I never met Gossett, but I often heard him speak.
I'm a fan of his book "Divas and Scholars: Performing Italian Opera." It's indispensable for anyone interested in performing operatic music. It's also a jolly good read, informative and lots of fun.
Gossett's earlier work shed new light on several of the underperformed works of the great composer Giuseppe Verdi. I'm not kidding when I tell you that if you haven't heard I Lombardi alla Prima Crociata or La battaglia di Legnano, you're missing out. Gossett taught me that.
https://www.youtube.com/watch?v=7L1ULsrVl3E
Gioacchino Rossini wrote 30 operas, retired and lived for 30 more years. His operas came and went — except for Il Barbiere di Siviglia, which has never left the repertoire.

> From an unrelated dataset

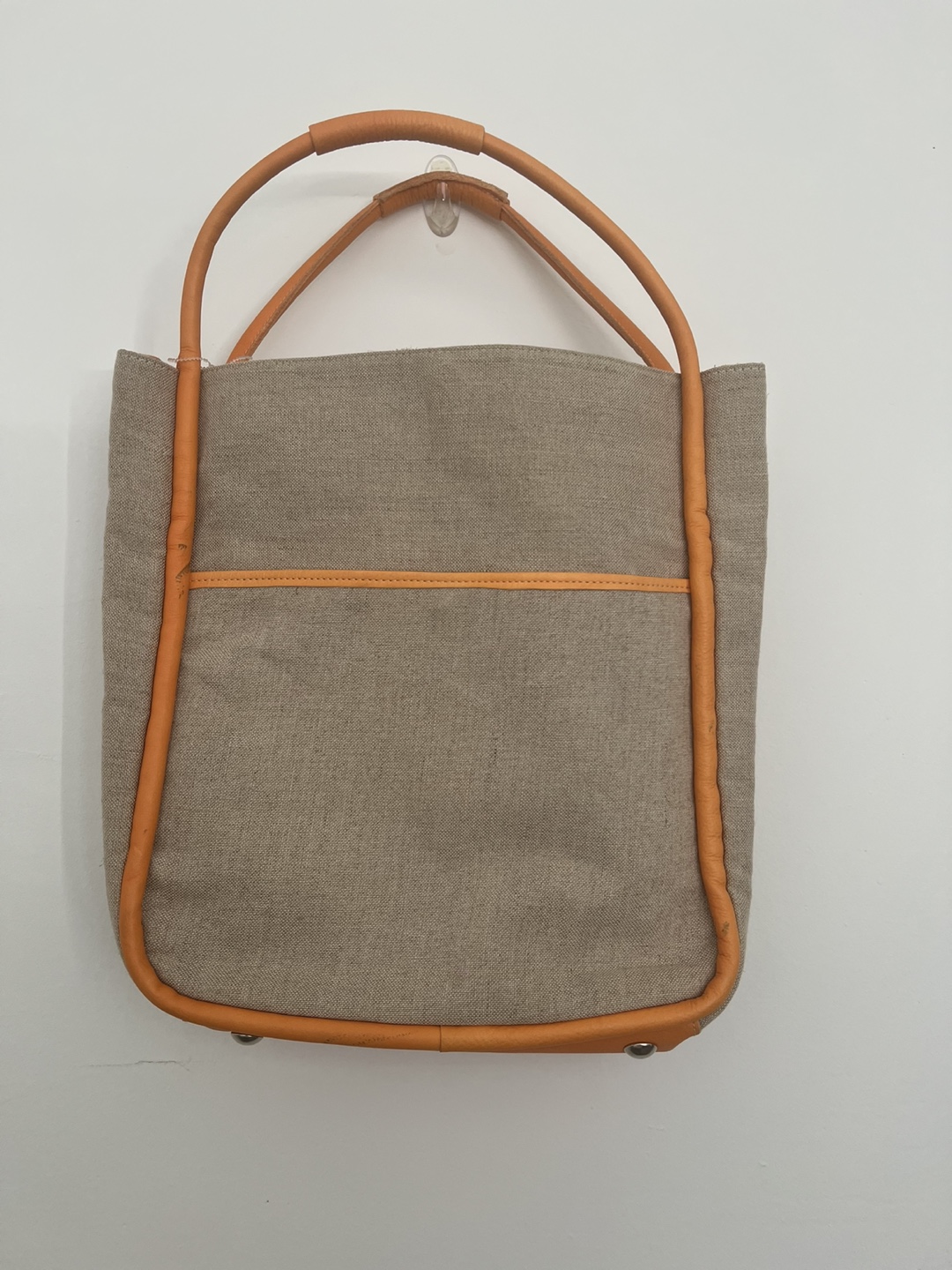 Rare Roots Leather and Canvas Tote Bag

Certainly there were performances of Rossini's operas, but Gossett's work in editing definitive scores of Semiramide, Tancredi, Moise and several more restored the dignity of a composer whose own somewhat careless work habits obscured his genius for a century after his death.
But back to the groupies. Why don't musicologist have groupies?
Because many of them take themselves and every hemi-demi-semi note very seriously. That's a good thing, of course, but in so doing many forget to love music.
But whenever I read one of Gossett's books or heard him speak, it was clear to me that not only was he intensely knowledgeable, but he loved music!
In "Divas and Scholars," Gossett expressed dismay about a performing edition of Rossini's opera The Siege of Corinth. The work was revived in Milan and New York for Beverly Sills. Gossett felt that what she sang had little to do with what Rossini wrote. He wrote about the New York premiere:
"I threw in my two bits at a well attended public lecture at the New York Public Library at Lincoln Center, to which music critics flocked, the night before the opening. For my pains I earned this barb from Sills, 'I think some so-called musicologists are like men who talk constantly of sex and never do anything about it.' "
How could you not love this guy?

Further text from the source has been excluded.